He is described as a man who spends most of his money on commodities and keeps the rest of it in the bank. Crow owns several Cthulhu Mythos objects, including the Clock of Dreams. The Clock is a time-space machine in the form of a coffin-shaped clock. It was previously owned by Randolph Carter and by de Marigny's father, and is referred to as "de Marigny's clock" in many of the early short stories.

==Inspiration==
In an interview with Lumley, Robert M. Price suggests various possible models for Crow, including Miro Hetzel, Jack Vance's futuristic detective, Doctor Who, Mervyn Peake's Titus Groan, August Derleth's Dr. Laban Shrewsbury, William Hope Hodgson's Carnacki and Seabury Quinn's Jules de Grandin. Lumley doesn't acknowledge any of these as conscious inspirations, saying that Crow's time-clock (which derives from Lovecraft's "Through the Gates of the Silver Key") long predates Who; that he's never read Peake's Gormenghast and that the similarity of names is coincidental; and that he "was never too keen on" Derleth's Shrewsbury. He does admit, however, to having "always had a soft spot" for Bram Stoker's Abraham Van Helsing.

==Bibliography==

===Novels===
- The Burrowers Beneath (1974, ISBN 0-312-86867-7)

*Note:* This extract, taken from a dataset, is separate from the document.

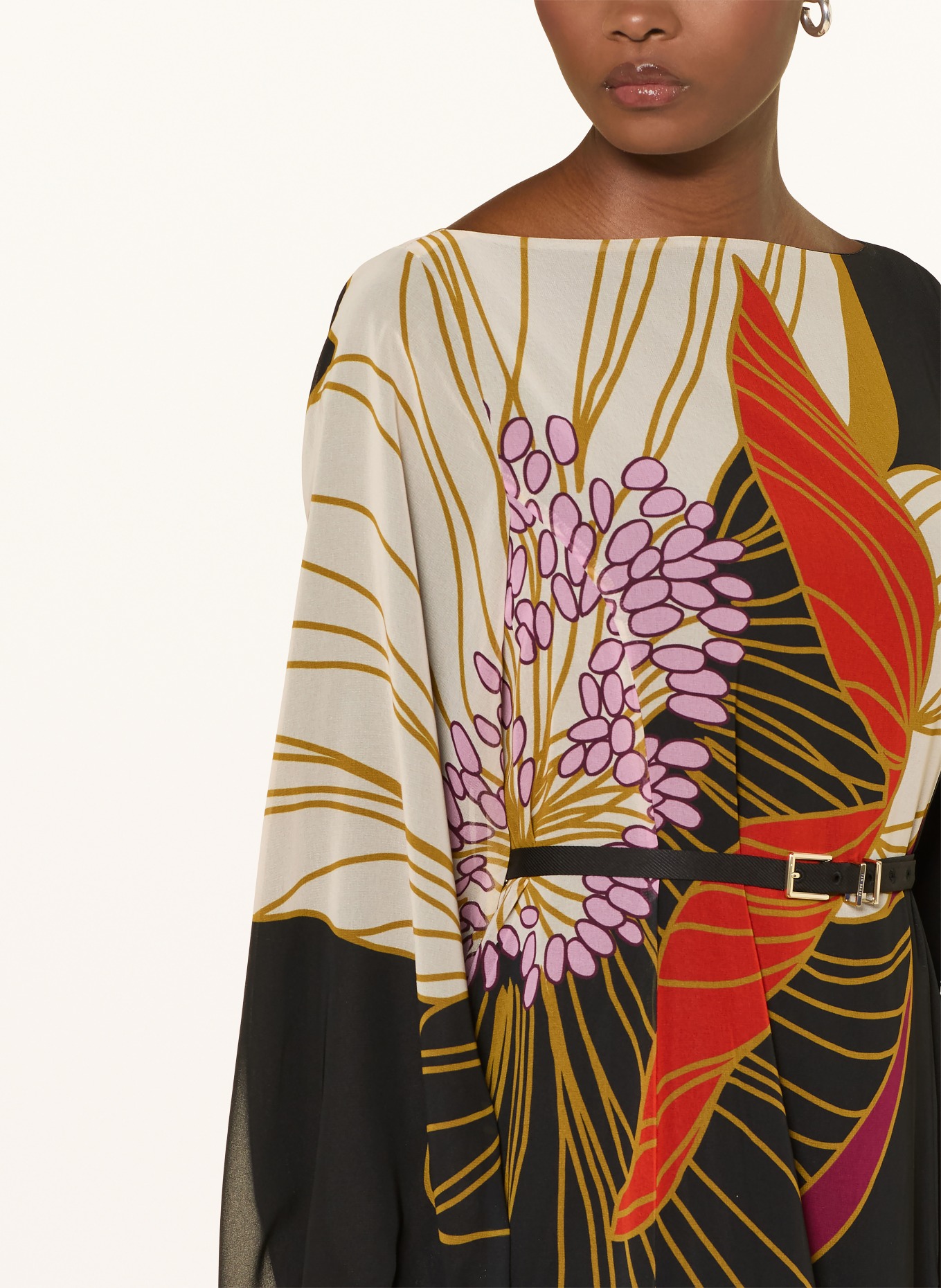 TED BAKER Sukienka CAMMELI: CZARNY / KREMOWY / CZERWONY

- The Transition of Titus Crow (1975, ISBN 0-312-86299-7)
- The Clock of Dreams (1978, ISBN 0-312-86868-5)
- Spawn of the Winds (1978, ISBN 0-515-04571-3)

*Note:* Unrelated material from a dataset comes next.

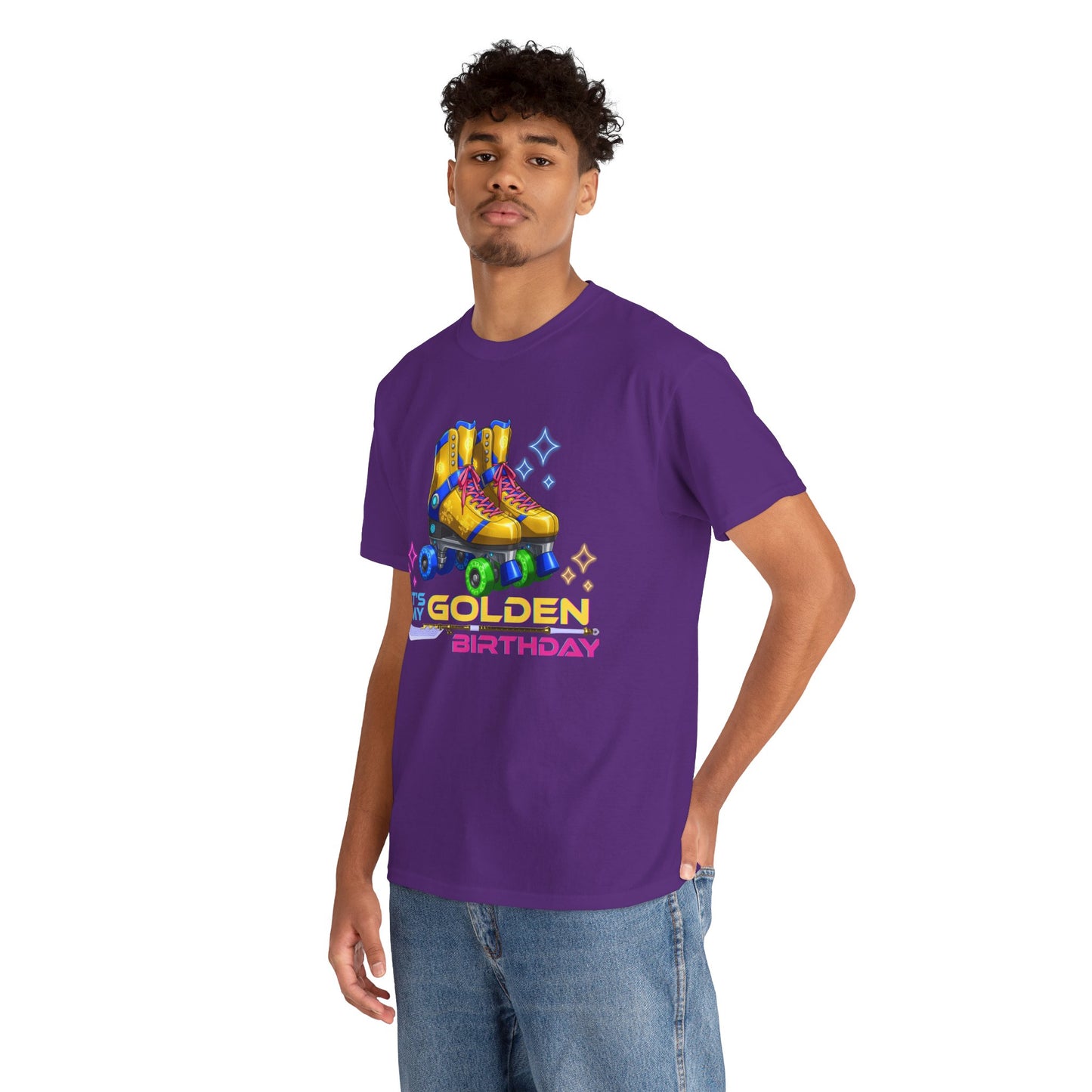 Golden Birthday - Adult Roller Skate Graphic T-Shirt – 100% Cotton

- In the Moons of Borea (1979, ISBN 0-312-86866-9)
- Elysia (1989, ISBN 0-932445-32-2), in which the characters of the Titus Crow series meet characters from Lumley's two other series, Dreamlands and Primal Land, for a grand confrontation with the Dark Forces.

===Short stories===
Collected in The Compleat Crow (1987 Hodder and Stoughton). (ISBN 0-340-69544-7)
- "Inception" (1987)
- "Lord of the Worms" (originally published in Weirdbook 17, 1983)

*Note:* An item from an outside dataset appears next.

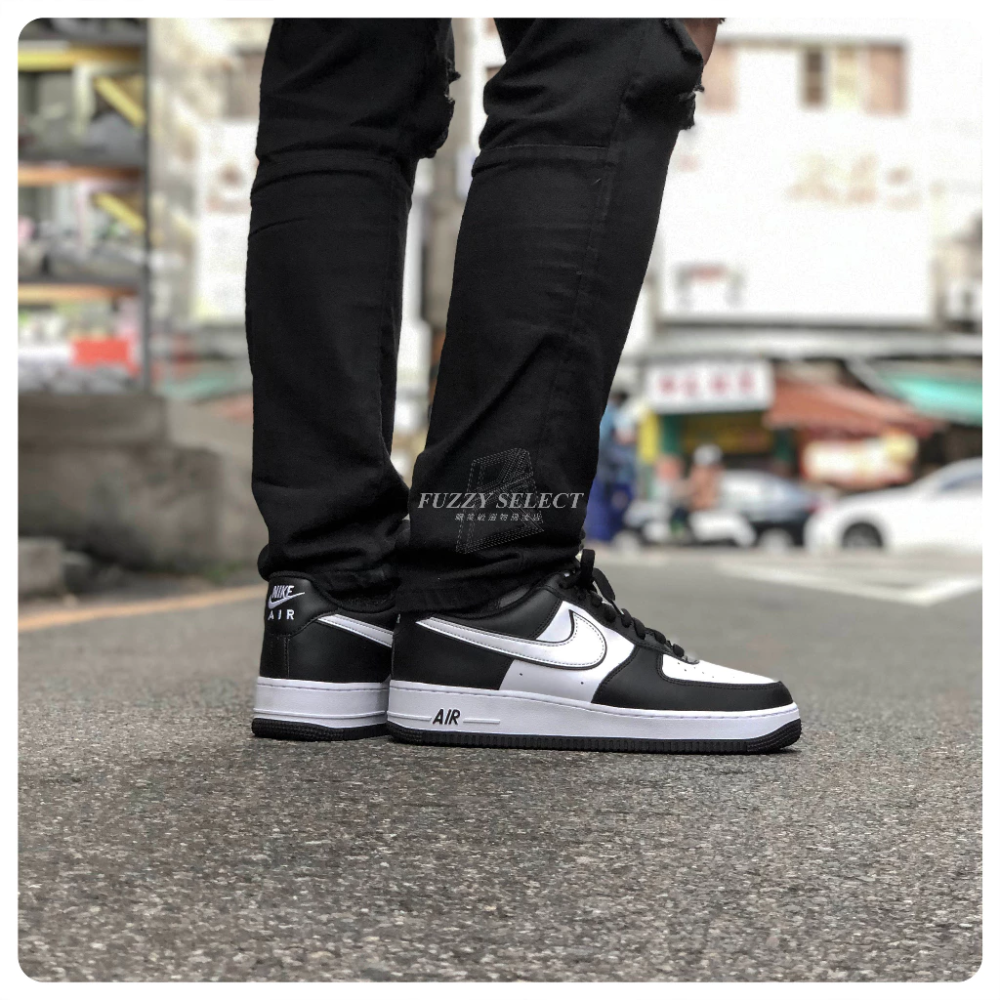 Nike Air Force 1 Low 休閒 白黑 熊貓 DV0788-001 DV1621-001-細節圖4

- "The Caller of the Black" (originally published in The Caller of the Black, 1971 Arkham House)
- "The Viking's Stone" (originally published in The Horror at Oakdeene & Others, 1977 Arkham House)
- "The Mirror of Nitocris" (originally published in The Caller of the Black, 1971 Arkham House)
- "An Item of Supporting Evidence" (originally published in Arkham Collector, Winter 1970)
- "Billy's Oak" (originally published in Arkham Collector, Winter 1970)
- "Darghud's Doll" (originally published in The Horror at Oakdeene & Others, 1977 Arkham House)
- "De Marigny's Clock" (originally published in The Caller of the Black, 1971 Arkham House)
- "Name and Number" (originally published in Kadath, July 1982)
- "The Black Recalled" (1983, originally published in World Fantasy Convention 1983: Sixty Years of Weird Tales)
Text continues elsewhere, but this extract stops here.